Uitspraak van de week: "Wijziging bonusregeling instemmingsplichtig"?
Een geregeld voorkomende vraag in de rechtspraak gaat over een mogelijk instemmingsrecht voor de OR bij een wijziging van een bonusregeling. Heeft de ondernemingsraad op grond van artikel 27 lid 1 onder c WOR instemmingsrecht of niet? De crux zit er doorgaans in of het systeem van de toekenningscriteria gewijzigd wordt of dat (uitsluitend) de hoogte van de uit te keren bonussen wijzigt. Is dat laatste het geval, wordt het doorgaans gezien als een besluit dat de primaire arbeidsvoorwaarde raakt van werknemers, namelijk de hoogte van de (totale) beloning, en daarom niet instemmingsplichtig is. Wijzigt het systeem, bijvoorbeeld voor wat betreft de toekenningscriteria en/of de groep van werknemers die voor de bonus in aanmerking kunnen komen, is er wel sprake van instemmingsrecht.
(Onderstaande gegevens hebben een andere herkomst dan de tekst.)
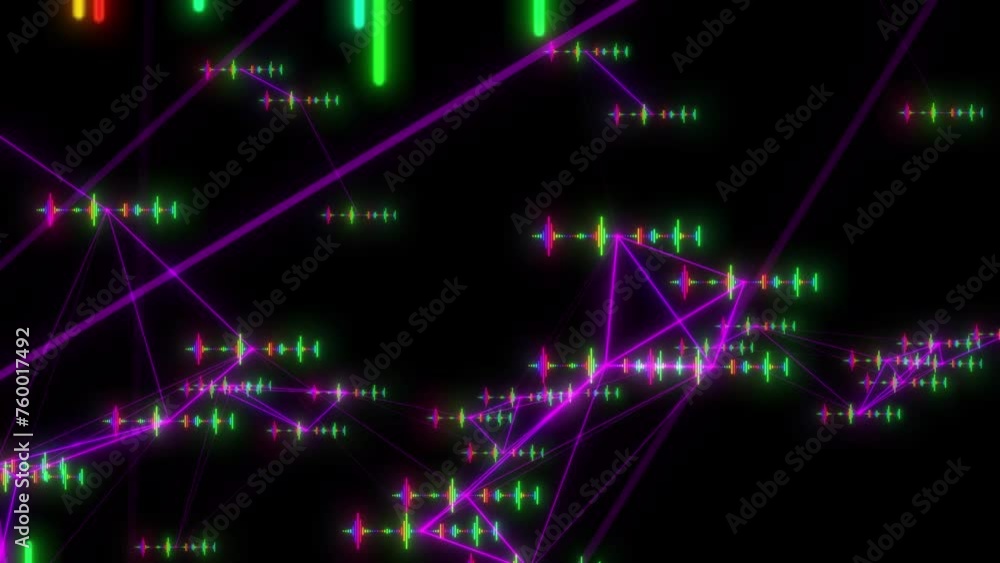 Poster equalizer connect with plexus network, camera flying through music network, music audio equalizer pa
De scheidslijn is niet altijd goed te trekken en vandaar dat het geregeld gebeurt dat ondernemingsraden een procedure beginnen bij de rechter om de wijziging (of intrekking) van de bonusregeling aan te vechten. Zo ook de ondernemingsraad van PPD. Wat speelde er?
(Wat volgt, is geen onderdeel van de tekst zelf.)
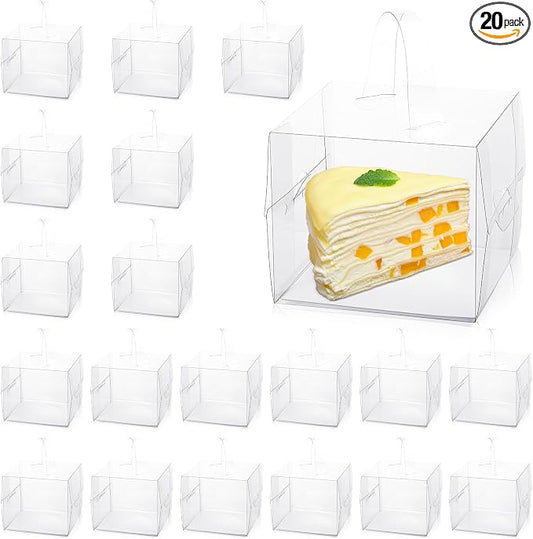 20Pcs Transparent Bakery Boxes with Handles, Mini Clear 5in 6in Cake Boxes,Clear gift box,Treat Box for Cake Chocolate Donut,Pastries,Cookies(6x6x5 in)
Werknemers van PPD vanaf schaal 8 hadden recht op een bonus, de Long Term Incentive Plan (LTI). De bonusuitkering was eerst in geld, vervolgens in opties op aandelen toen PPD beursgenoteerd werd. Na een overname ging PPD van de beurs en konden er dus ook geen opties op aandelen in PPD meer worden toegekend. Werknemers konden wel in aanmerking komen voor een bonus via de nieuwe moedermaatschappij (aandeelhouder). De criteria om daarvoor in aanmerking te komen wijzigden echter, zo werd ineens individueel presteren en de financiële ruimte belangrijk voor de uitkering van bonussen.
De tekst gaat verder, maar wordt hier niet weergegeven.